Kabinet Zaken, Kapitalisme Non Ersatz, dan Sistem Meritokrasi
Kapitalisme tidak lagi memperkaya diri sendiri namun memajukan kapitalisme industri yang fokus pada kemajuan teknologi dan manufaktur melalui inovasi.
Editor: Hasanudin Aco
Oleh: Eva Nila Sari
Pegawai Komisi Nasional Hak Asasi Manusia
ISTILAH Kabinet Zaken berasal dari Bahasa Belanda yang berarti suatu kabinet yang jajaran menterinya berasal dari kalangan ahli, bukan representasi dari partai politik tertentu.
Kabinet ini terbentuk, pada prinsipnya, untuk menghindari terjadinya malafungsi, praktik korupsi, dan memaksimalkan kinerja para Menteri anggota kabinet.
Berdasarkan sejarah, Pemerintahan Indonesia pernah memiliki beberapa model Kabinet Zaken, di antaranya Kabinet Djuanda yang dipimpin Perdana Menteri Duanda Kartawidjaja (1957-1959), Kabinet Natsir yang dipimpin oleh Perdana Menteri Mohammad Natsir (1950-1951), dan Kabinet Wilopo yang dipimpin oleh Perdana Menteri Wilopo (1952-1953).
Sayangnya, pemerintahan model ini hanya terjadi pada era Presiden pertama RI, Sukarno.
Model pemerintahan ini kembali diperbincangkan seiring desakan publik agar kabinet yang akan dibentuk Presiden terpilih Prabowo mengedepankan pertimbangkan profesionalisme dalam penentuan sosok-sosoknya.
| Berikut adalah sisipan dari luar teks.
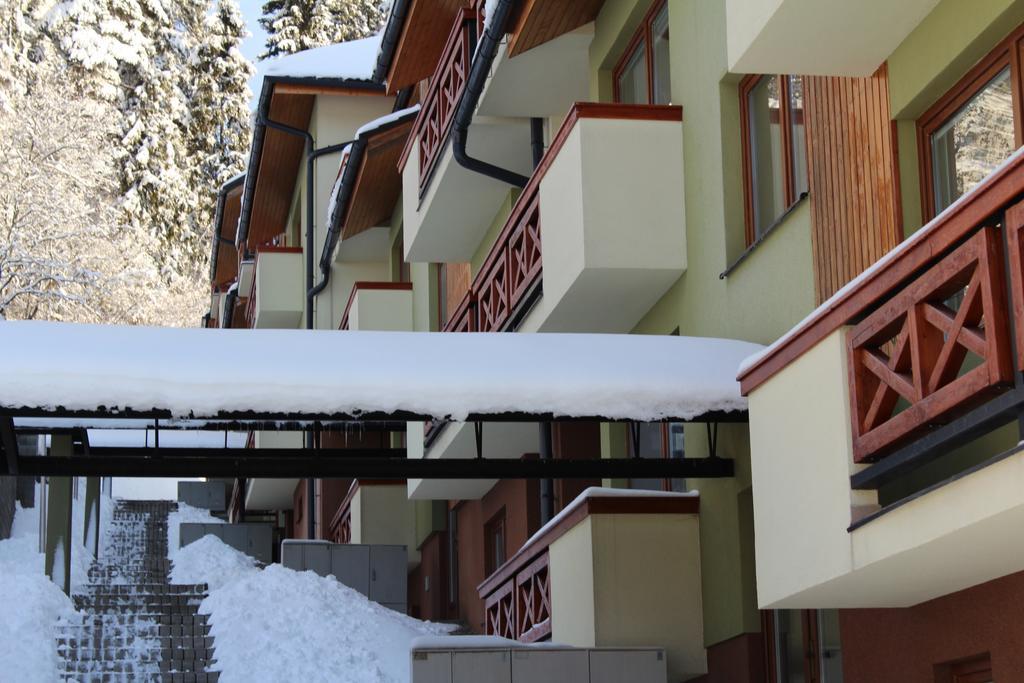 Pine Wood Apartment Vysne Ruzbachy Bagian luar foto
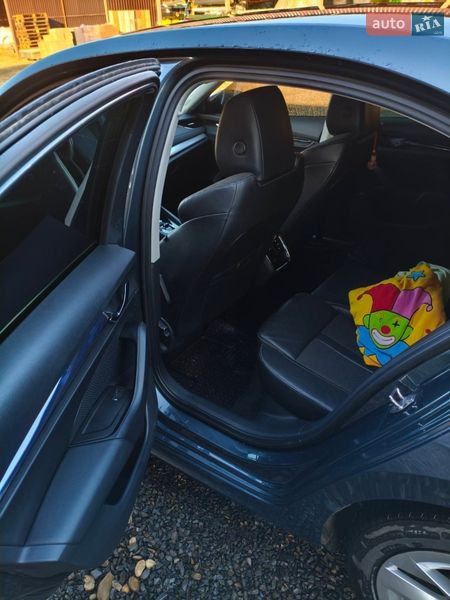 Ліфтбек Skoda Octavia 2021 в Виноградові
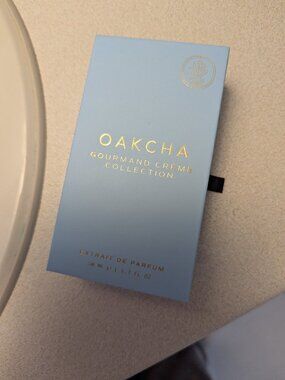 Oakcha Vanilla Glaze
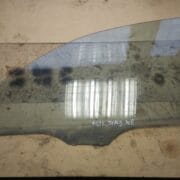 Стекло двери передней левой для Mazda 626 GE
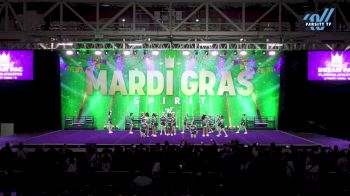 Platinum Athletics - Dream PAC [2025 L1 Youth - Small - B Day 1] 2025 Mardi Gras Grand Nationals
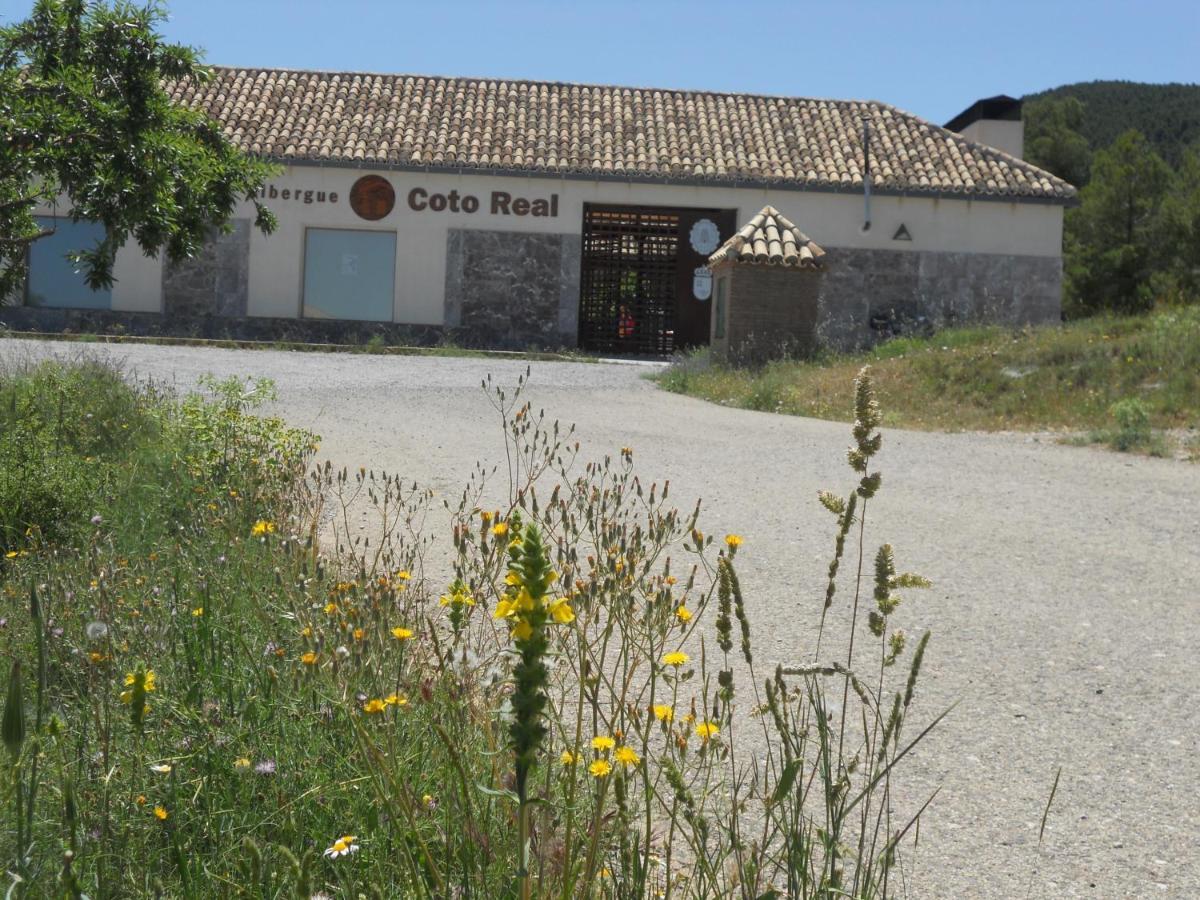 Albergue Coto Real De La Marina Cehegín Exteriér fotografie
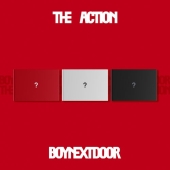BOYNEXTDOOR 5th EP 『The Action』限定特典付きで発売！限定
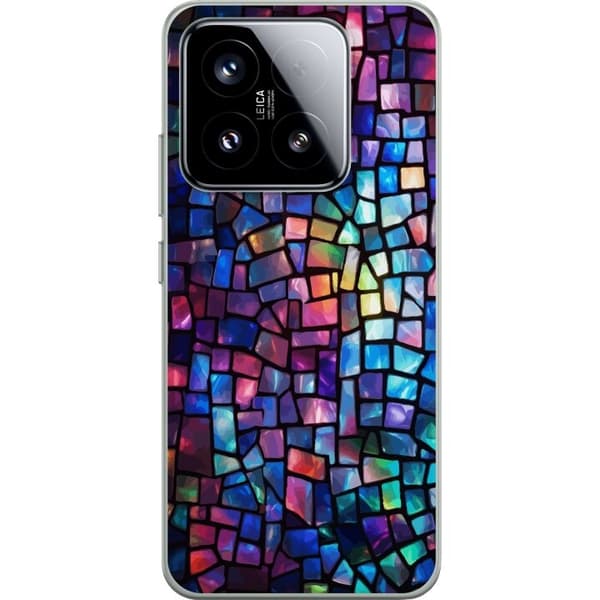 Mobilskal till Xiaomi 15 med Disco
Pemerintahan yang terdiri dari figur-figur yang profesional sesungguhnya telah menjadi mainstream di kalangan negara-negara di dunia ketika kapitalisme telah bergeser dari Kapitalisme model Ersatz yang kental dengan korupsi, kolusi dan sistem kroni, menjadi Kapitalisme Non Ersatz.
Bahkan di kawasan Asia, khususnya 4 (empat) negara macan Asia (Korea Selatan, China, Hongkong, dan Singapura), sebagaimana Eropa dan Amerika, tepatnya sejak abad ke-19, kapitalisme telah mampu melepaskan diri dari feodalisme titip jabatan atau dengan kata lain menganut Kapitalisme Non Ersatz.
Kapitalisme tidak lagi memperkaya diri sendiri namun memajukan kapitalisme industri yang fokus pada kemajuan teknologi dan manufaktur melalui inovasi.
Contoh nyata terjadi di Korea Selatan dimana para penguasa industri diberi peluang dan didorong untuk maju.
Para chaebol (al. Konglomerat Bisnis Hyundai Motor, Elektronik LG, Elektronik Samsung, SK), telah mendapatkan bantuan dari Pemerintah Korea Selatan dalam rangka memajukan inovasi dan teknologi.
Pemerintah Korea Selatan bahkan akan menghentikan arus investasi asing yang dinilai akan mengganggu perkembangan industri lokal tersebut.
Pemerintah Korea Selatan merasa cukup leluasa mendorong industri para chaebol ini karena tidak beririsan dengan sektor primer seperti air, listrik, energi, dan real estate yang berhubungan dengan kebutuhan orang banyak.
Kondisi yang berbeda justru terjadi di Indonesia, para chaebol versi Indonesia alias cukong telah mendapatkan ‘arahan’ yang berbeda dari Penguasa (Pemimpin). Sistem kapitalisme model feodal masih mendominasi dan mejadi bagian dari pemerintahan Indonesia hingga hari ini.